### BRIEF
Transcribe every line of the material below exactly, leaving out the pictures.
AVAILABLE DATA section start
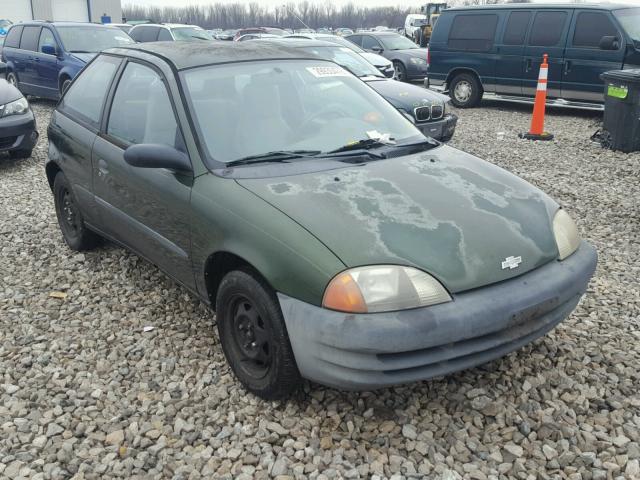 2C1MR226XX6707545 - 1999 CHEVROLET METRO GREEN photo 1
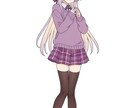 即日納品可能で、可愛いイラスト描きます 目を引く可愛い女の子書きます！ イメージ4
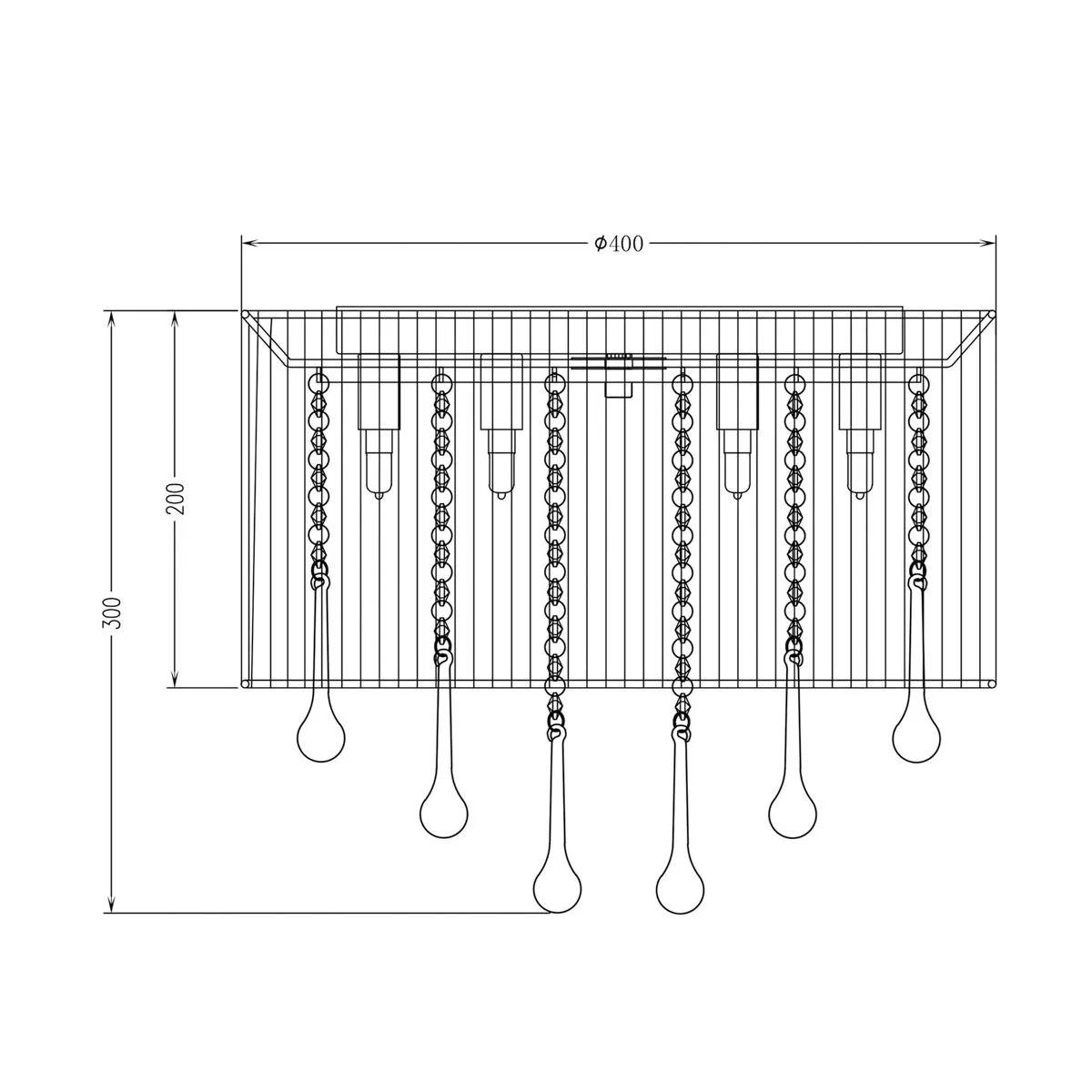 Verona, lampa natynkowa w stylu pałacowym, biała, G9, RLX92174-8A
AVAILABLE DATA section end
### REPLY
 2C1MR226XX6707545 - 1999 CHEVROLET METRO GREEN photo 1
 即日納品可能で、可愛いイラスト描きます 目を引く可愛い女の子書きます！ イメージ4
 Verona, lampa natynkowa w stylu pałacowym, biała, G9, RLX92174-8A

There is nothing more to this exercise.